(Reinforcement Learning) Training the artificially intelligent Blackjack player

0. Introduction to Blackjack

0-0. Blackjack Objective

The objective of the game is to beat the dealer in one of the following ways:

  • Get 21 points on the player's first two cards (called a "blackjack" or "natural"), without a dealer blackjack.
  • Reach a final score higher than the dealer without exceeding 21.
  • Let the dealer draw additional cards until their hand exceeds 21.


0-1. Game Procedure


1) Betting: Players decide how much to bet 2) Dealing: Each player and the dealer are dealt two cards. One of the dealer’s cards is faced down. 3) Action: Each player can decide which action to take out of stand, hit, doubledown, and split. 4) Reward: Each player receives reward based on the outcome.

0-2. Player’s Action

  • Hit: Request another card. You can request a hit as many times as you like, but if your total goes over 21, you will Bust and therfore lose the hand.
  • Stand: Request that you receive no more cards. Your current hand will be judged against the dealer's.
  • Doubledown: If you select this option, you will get exactly one more card, your turn will end, and your bet will be doubled. Note: this option will normally only be available immediately after you receive your first two cards, however, Doubling after Splitting is usually allowed.
  • Split: If you have two cards of the same denomination, you can split your cards into two hands and play each hand separately. Your original bet will be duplicated for the new hand. Note: according to Atlantic City Blackjack rules, you may only draw one additional card on each ace when splitting a pair of aces. Also note that this option will normally only be available immediately after you receive your first two cards.


0-3. Example

Here, the player stands after getting 19. The dealer reveals the hidden card and receives one more card. The dealer wins in this game because the sum of dealer’s cards is bigger than the player’s.
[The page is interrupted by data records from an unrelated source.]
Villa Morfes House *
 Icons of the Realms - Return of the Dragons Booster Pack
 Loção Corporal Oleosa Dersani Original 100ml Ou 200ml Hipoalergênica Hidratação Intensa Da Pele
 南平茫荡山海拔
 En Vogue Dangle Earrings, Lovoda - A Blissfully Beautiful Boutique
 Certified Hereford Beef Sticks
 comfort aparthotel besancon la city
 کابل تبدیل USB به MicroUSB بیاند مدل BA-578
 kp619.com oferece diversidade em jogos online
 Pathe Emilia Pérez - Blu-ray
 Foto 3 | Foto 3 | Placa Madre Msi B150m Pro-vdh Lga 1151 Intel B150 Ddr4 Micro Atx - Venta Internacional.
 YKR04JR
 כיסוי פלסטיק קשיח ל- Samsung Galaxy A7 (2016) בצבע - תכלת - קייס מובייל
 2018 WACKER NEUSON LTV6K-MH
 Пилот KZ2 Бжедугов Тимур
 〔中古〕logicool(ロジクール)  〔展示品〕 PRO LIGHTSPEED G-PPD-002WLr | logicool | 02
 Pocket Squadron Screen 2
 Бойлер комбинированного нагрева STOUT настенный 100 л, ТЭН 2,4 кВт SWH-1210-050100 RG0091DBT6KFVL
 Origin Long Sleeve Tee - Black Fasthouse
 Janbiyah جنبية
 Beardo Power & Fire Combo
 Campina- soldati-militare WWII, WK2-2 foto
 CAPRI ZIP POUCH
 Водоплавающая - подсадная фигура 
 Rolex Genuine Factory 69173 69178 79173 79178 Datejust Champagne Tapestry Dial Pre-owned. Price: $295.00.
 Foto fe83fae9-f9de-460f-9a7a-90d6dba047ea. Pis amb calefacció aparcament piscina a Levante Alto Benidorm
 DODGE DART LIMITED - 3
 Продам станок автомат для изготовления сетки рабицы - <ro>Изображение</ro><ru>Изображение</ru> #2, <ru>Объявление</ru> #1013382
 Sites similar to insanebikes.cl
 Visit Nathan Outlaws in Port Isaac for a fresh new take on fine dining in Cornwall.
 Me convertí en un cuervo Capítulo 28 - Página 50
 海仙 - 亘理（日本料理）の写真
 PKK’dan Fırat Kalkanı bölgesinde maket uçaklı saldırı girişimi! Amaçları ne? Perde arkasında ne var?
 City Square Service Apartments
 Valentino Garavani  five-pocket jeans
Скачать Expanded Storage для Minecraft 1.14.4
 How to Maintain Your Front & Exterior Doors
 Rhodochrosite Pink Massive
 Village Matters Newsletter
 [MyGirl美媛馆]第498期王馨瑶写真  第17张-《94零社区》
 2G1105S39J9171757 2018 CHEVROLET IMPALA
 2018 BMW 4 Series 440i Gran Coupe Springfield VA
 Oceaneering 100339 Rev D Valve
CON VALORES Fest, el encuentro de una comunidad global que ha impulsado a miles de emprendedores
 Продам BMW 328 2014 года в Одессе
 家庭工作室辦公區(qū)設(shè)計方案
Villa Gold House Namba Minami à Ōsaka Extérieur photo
1. Infinite-deck Blackjack

First, I trained the player assuming that there are infinite number of decks. Under this assumption, each card is drawn with equal probability.

1-0. Basic Strategy

There already exists a publicly known strategy for Blackjack. The following shows how the basic strategy works under the specific rules: Re-splitting is allowed, Doubledown is allowed after splitting, Dealer hits on a soft 17.

Here, the rows show what cards are drawn on the player’s side and the columns indicate the dealer’s faced-up card. When the dealer’s card is lower than 6 and the sum of the player’s cards is higher than 12, it is always better for player to stand. In addition, the player is encouraged to hit when he or she has low cards. According to the simulation, I was able to achieve 45.2% of winning odds using this strategy.

1-1. Q-Learning Strategy

The following picture shows how reinforcement learning works.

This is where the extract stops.